Look great mate,welldone!


----------



## Deano! (Aug 6, 2004)

good build mate, arms are real thick

think ill take some pics too, finished my tribal sleeve/chest/back and forearm jap style tattoo is almost done, shading koi fish tomorrow and lotus flower n waves are almost there.... then dragon to finish it around my bicep  my arms only 17" though so not as impressive  lol


----------



## Miike (Jun 11, 2009)

Looking great mate, nice one


----------



## ste2103 (Aug 13, 2009)

gold95 said:


> looking good, :thumb: as others have said your looking MUCH bigger than in your avatar. get your mrs & do the same picture as old 1, now you look like you do you don't want people to see you smaller than you are.... keep it up 20" arms aint too fart away. :rockon:
> 
> is it just me or do ALL bodybuilders look hard as f#ck when they don't smile? the smiling always takes away from the look.


thanks mate

my next pics will be full of smiles  

just wont get the same effect :thumb:


----------



## ste2103 (Aug 13, 2009)

Deano! said:


> good build mate, arms are real thick
> 
> think ill take some pics too, finished my tribal sleeve/chest/back and forearm jap style tattoo is almost done, shading koi fish tomorrow and lotus flower n waves are almost there.... then dragon to finish it around my bicep  my arms only 17" though so not as impressive  lol


get posting mate cant wait to see, fooking love tattoos

thanks bud :thumbup1:


----------



## ste2103 (Aug 13, 2009)

Miike said:


> Looking great mate, nice one


thanks mate,

is that you in your avi.... thats an amazin tatt :thumb:


----------



## Dantreadz85 (Jun 4, 2009)

nice ink dude . ill post some pics up of my sleeve when its finished hopefully by the next sitting already done 7 hours on it .

plus i got some proper nasty tats as well but dont think ill be showing them lol

u had any on the ribz?


----------



## ste2103 (Aug 13, 2009)

Dantreadz85 said:


> nice ink dude . ill post some pics up of my sleeve when its finished hopefully by the next sitting already done 7 hours on it .
> 
> plus i got some proper nasty tats as well but dont think ill be showing them lol
> 
> u had any on the ribz?


thanks mate

posts them mate good and bad, got a big one on my leg and back of head and neck but want loads more. none on ribz. have you? :thumbup1:


----------



## celtic72 (Sep 1, 2009)

your avi was fine enough but by the looks of it your wantin big big .good stuff.


----------



## Dantreadz85 (Jun 4, 2009)

ste2103 said:


> thanks mate
> 
> posts them mate good and bad, got a big one on my leg and back of head and neck but want loads more. none on ribz. have you? :thumbup1:


back of head lol , thug ha ha . yeah i got a big tribal dragon up the left side of my chest an ribz , ouuuuccchhh lol . i have honestly sat there for 5 hour sittings but that one i could only do in half hour gos , proper hurt . bit a chunk of my arm nearly off lol .

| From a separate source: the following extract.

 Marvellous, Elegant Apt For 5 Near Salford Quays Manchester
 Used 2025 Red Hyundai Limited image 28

ill put some pics tommoro .


----------



## LeeA (Oct 23, 2009)

You're a big f*cker I'll give you that!!! Nice one!!!

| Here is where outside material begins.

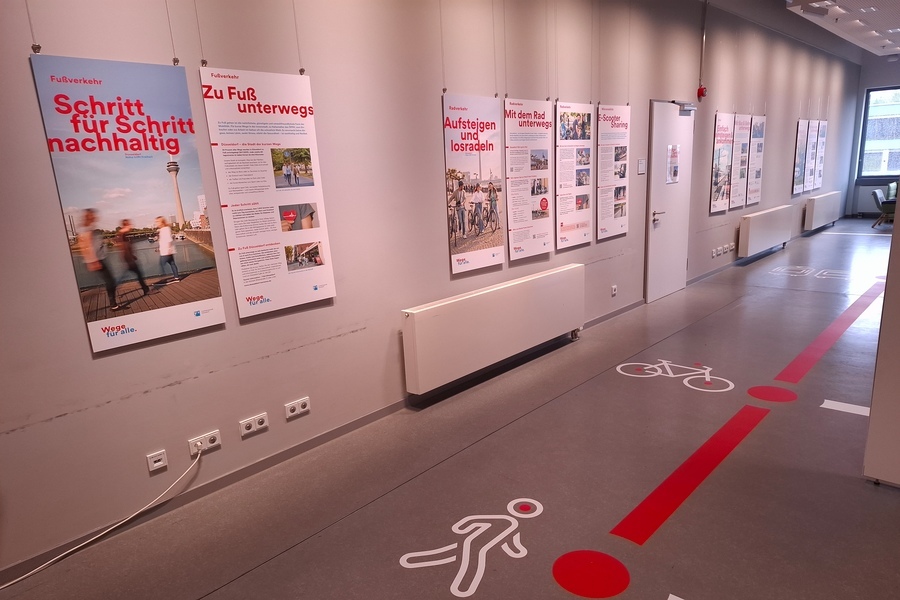 Blick in die Ausstellung "Wege für alle - Düsseldorf nachhaltig mobil"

Lets see some pics of when you started 7 years ago then! lol


----------



## ste2103 (Aug 13, 2009)

LeeA said:


> You're a big f*cker I'll give you that!!! Nice one!!!
> 
> Lets see some pics of when you started 7 years ago then! lol


thanks mate

ok ill sort some out.. this is going to be funny pmsl. :thumb:


----------



## ste2103 (Aug 13, 2009)

celtic72 said:


> your avi was fine enough but by the looks of it your wantin big big .good stuff.

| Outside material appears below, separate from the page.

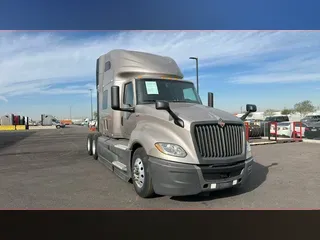 2022 International LT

bigger is always better! :rockon:


----------



## D_MMA (Aug 21, 2008)

Lookin good grant, i mean ste haha

Look like a unit mate you look alot bigger than 16stone! keep it up


----------



## ste2103 (Aug 13, 2009)

DaveI said:


> Lookin good grant, i mean ste haha
> 
> Look like a unit mate you look alot bigger than 16stone! keep it up


thanks mate :thumbup1:

but im really not getting the grant thing!

but like i said before i do get that a lot


----------



## Miike (Jun 11, 2009)

ste2103 said:


> thanks mate,
> 
> is that you in your avi.... thats an amazin tatt :thumb:


Yeah that's me mate. Thanks a lot 

Still more to go though. It's fu(king addictive!


----------



## ste2103 (Aug 13, 2009)

ive dug out a few old pics of before i started training i cant believe its me!!

so will be posting them soon as i can get them on the computer :thumb:


----------



## big_jim_87 (Jul 9, 2009)

look bigger then in av buddy


----------



## LunaticSamurai (May 19, 2009)

Looking good mate, good work.


----------



## Barker (Oct 1, 2009)

Look hard as fucck man!

Keep it up


----------



## ste2103 (Aug 13, 2009)

thanks guys!! :thumb:


----------



## ste2103 (Aug 13, 2009)

Barker said:


> Look hard as fucck man!
> 
> Keep it up


i havent posted them pics yet pmsl


----------